4. “Human Trafficking” is something that is happening now in many countries in which girls are tricked and forced into doing something they don’t want to do: become a prostitute. The people who take the girls away are called “traffickers” and treat the girls terribly in order to make a profit. Often, these traffickers will pretend to fall in love with the girl and make a marriage proposal. The trafficker does not really love the girl, though, and never intends to have a normal, loving relationship with her. Once the traffickers take these girls out of the country, they are abused and have difficulty getting back to Albania. Every girl should beware of an older boy claiming to love them and take them away to a better life in a foreign country. That older boy could be a trafficker.

5. Take a look at the attached copy of the “Universal Declaration of Human Rights.” Take 10 minutes to read over it and decide which parts of it “human trafficking” violates. Write them down in your notebook.

[In certain respects, trafficking violates almost every one of these articles in terms of the impact it has on its victims, but especially worth discussion are its violations of Articles 1, 3, 4, 5, 13, 23, 25, and 26. Teachers ask students: how does human trafficking violate these articles? 

Human trafficking violates a human being’s personal freedom, security, and dignity. Because trafficking violates so many individual’s rights so excessively, it is an issue that relates to all human beings.] 

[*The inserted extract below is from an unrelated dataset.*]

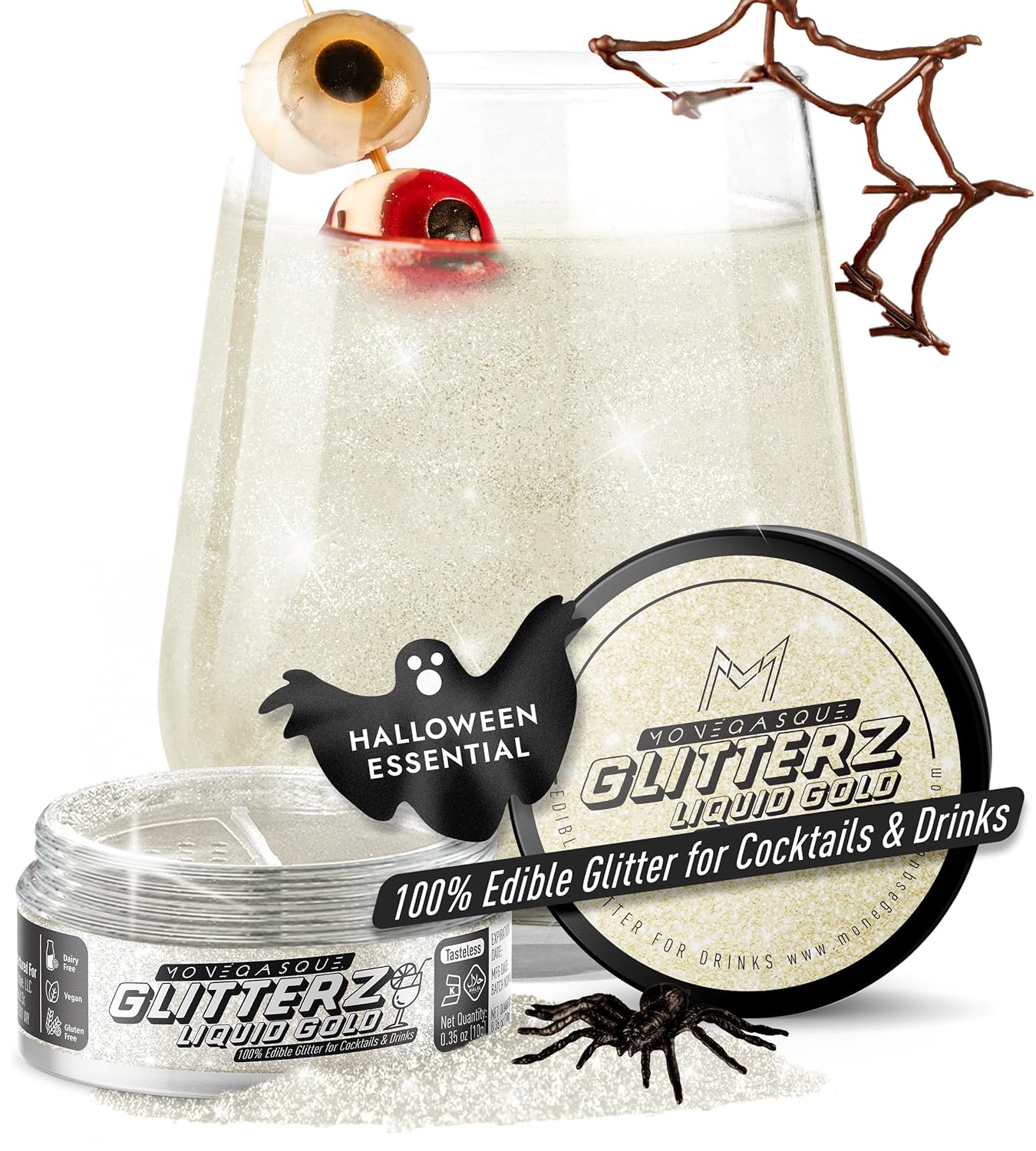 MONÉGASQUE Gold Iridescent Edible Glitter for Drinks 10g – Liquid Gold Edible Glitter for Cakes & Cocktails – Halloween Cocktail Drink Shimmer Sparkles – Decorating Sprinkles for Cupcakes & Cake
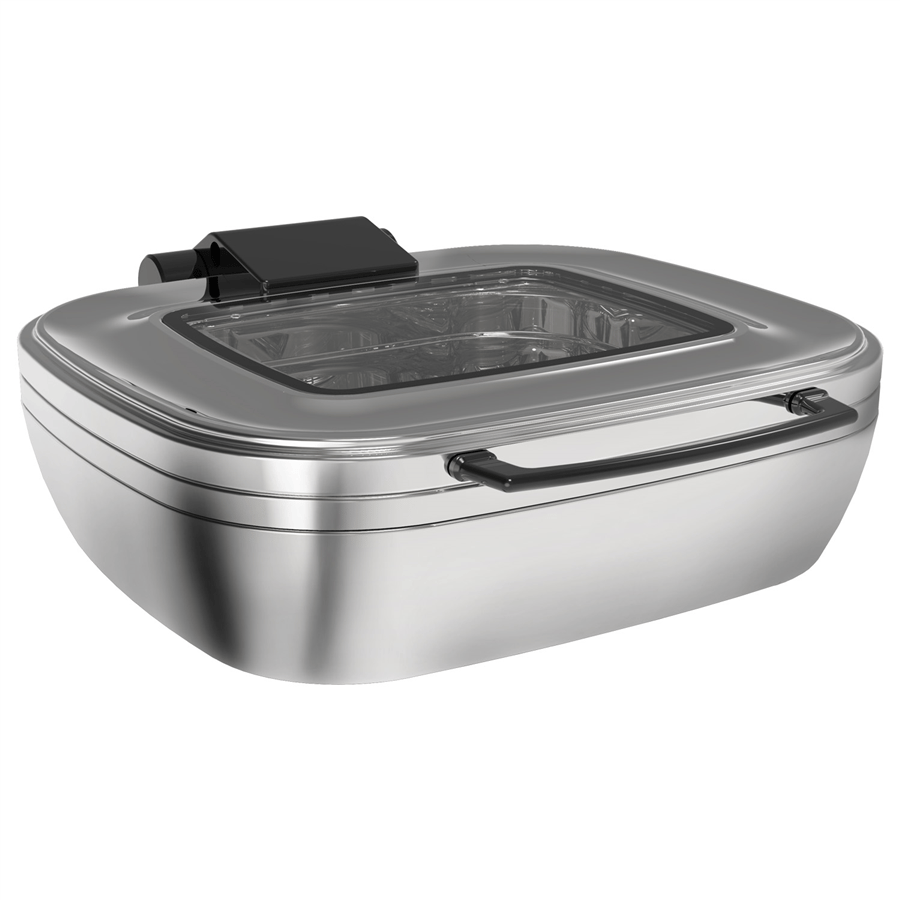 GN 2/3 TITAN CHAFING DISH REZİSTANS CAMLI SİYAH-5,5 Lt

6. If appropriate, the teacher could also discuss that because these rights are violated, the victim is reduced to the status of merchandise which can be bought or sold for money. The victim is therefore “owned” by another person without the victim’s consent and without any legal grounds. Victims are not paid for their work and are physically and emotionally abused. Teachers should try to convey the message to students that, “No one has a right to you or your body, even if they paid money for you.”